2. Take onboard all feedback. And follow up.

With some companies, Melissa says, "there are so many layers between me, the customer, and the CTO or VP of Product. While I could share on forums, does that feedback really go anywhere?"

If someone gives feedback on our companies, mine or Michelle's, it makes a difference to our roadmap. We apply solutions and look further into what's happening. That's a PLG strategy. 

When every customer matters a lot, you pay attention.

What else can monster-buck brands can learn from little startups: 

If you're a big brand, here's what you can learn from smaller competitors. Disclaimer: These are my opinions so they do reflect the opinions of Selling SaaS

  • Stop trying to dictate the market ahead of time, you're not Steve Jobs.

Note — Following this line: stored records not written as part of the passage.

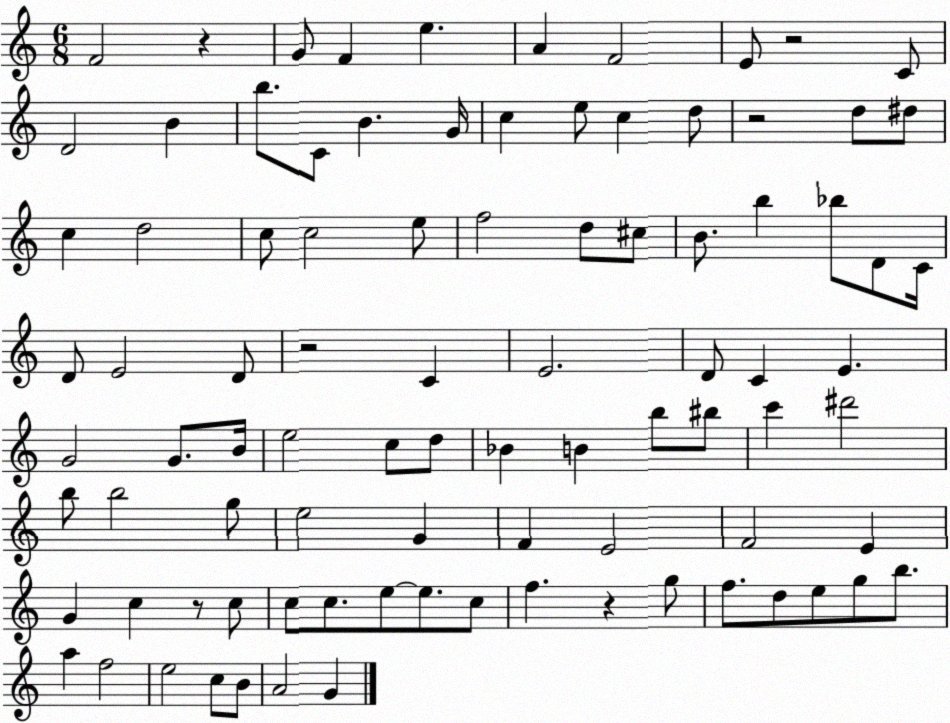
X:1
T:Untitled
M:6/8
L:1/4
K:C
F2 z G/2 F e A F2 E/2 z2 C/2 D2 B b/2 C/2 B G/4 c e/2 c d/2 z2 d/2 ^d/2 c d2 c/2 c2 e/2 f2 d/2 ^c/2 B/2 b _b/2 D/2 C/4 D/2 E2 D/2 z2 C E2 D/2 C E G2 G/2 B/4 e2 c/2 d/2 _B B b/2 ^b/2 c' ^d'2 b/2 b2 g/2 e2 G F E2 F2 E G c z/2 c/2 c/2 c/2 e/2 e/2 c/2 f z g/2 f/2 d/2 e/2 g/2 b/2 a f2 e2 c/2 B/2 A2 G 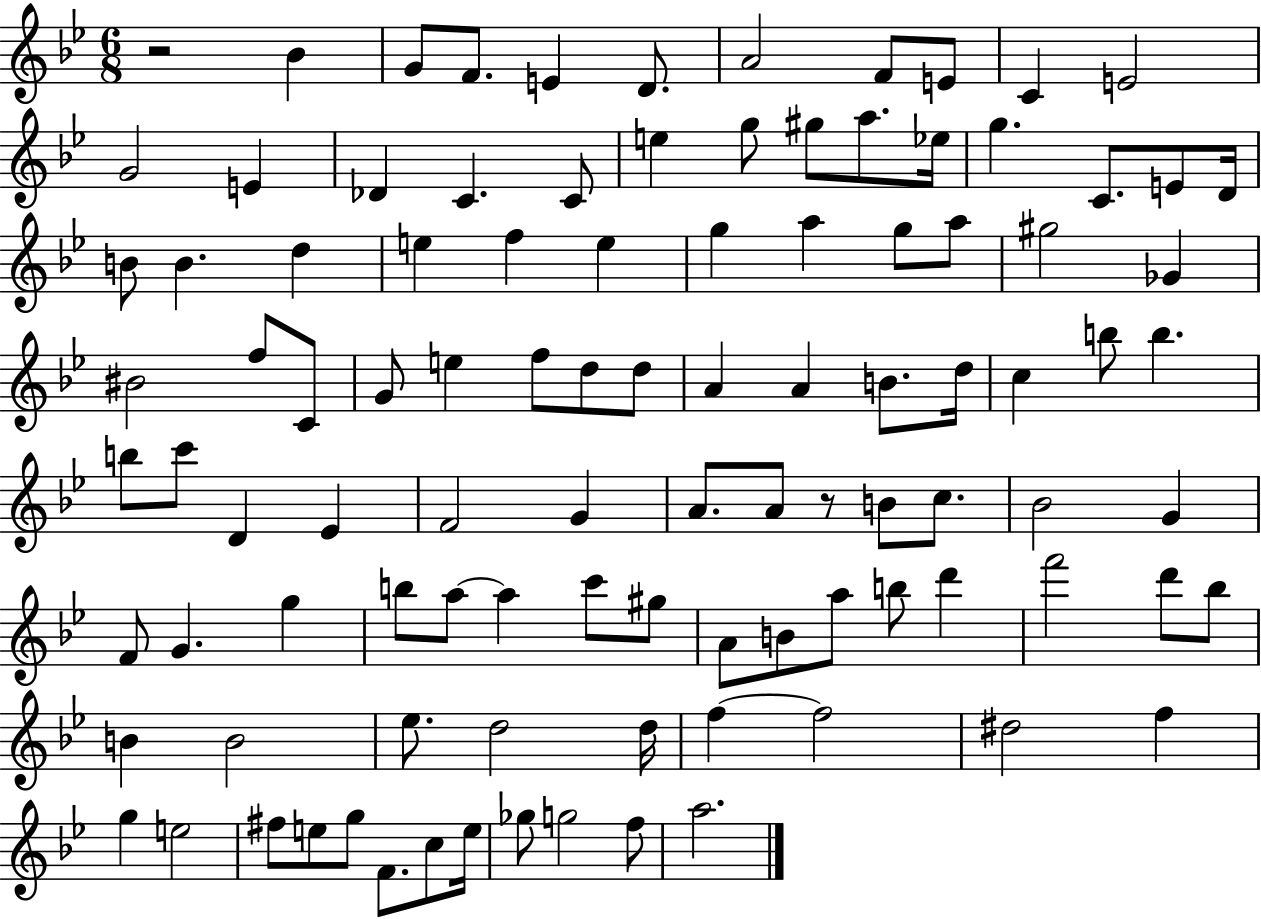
{
  \clef treble
  \numericTimeSignature
  \time 6/8
  \key bes \major
  \repeat volta 2 { r2 bes'4 | g'8 f'8. e'4 d'8. | a'2 f'8 e'8 | c'4 e'2 | \break g'2 e'4 | des'4 c'4. c'8 | e''4 g''8 gis''8 a''8. ees''16 | g''4. c'8. e'8 d'16 | \break b'8 b'4. d''4 | e''4 f''4 e''4 | g''4 a''4 g''8 a''8 | gis''2 ges'4 | \break bis'2 f''8 c'8 | g'8 e''4 f''8 d''8 d''8 | a'4 a'4 b'8. d''16 | c''4 b''8 b''4. | \break b''8 c'''8 d'4 ees'4 | f'2 g'4 | a'8. a'8 r8 b'8 c''8. | bes'2 g'4 | \break f'8 g'4. g''4 | b''8 a''8~~ a''4 c'''8 gis''8 | a'8 b'8 a''8 b''8 d'''4 | f'''2 d'''8 bes''8 | \break b'4 b'2 | ees''8. d''2 d''16 | f''4~~ f''2 | dis''2 f''4 | \break g''4 e''2 | fis''8 e''8 g''8 f'8. c''8 e''16 | ges''8 g''2 f''8 | a''2. | \break } \bar "|."
}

  • Listen to actual needs, and solve those before turning to your pet projects.

  • Adding to the pet project idea, ever heard journalists say, "kill your darlings?" You need to do that with your roadmap too.

  • Follow up on bugs that are reported, which means updates as it advances and when it's solved too.

  • Value your non-tech-savvy users as much as those that "just get" you. Not all your users are the same as your perfect clients (buyers)

  • Drop the ego, you're not untouchable.

If you can hang onto a level of personality, even as a heavily-funded, VC-backed or legacy tech brand, you're going to stand out for more than just being inescapable. You'll stand out for having great tech.

 And on that bombshell (don't come for me HubSpot, SalesForce, AWS, I still love you) I'll let you tell me if you agree that often, smaller SaaS have the best products.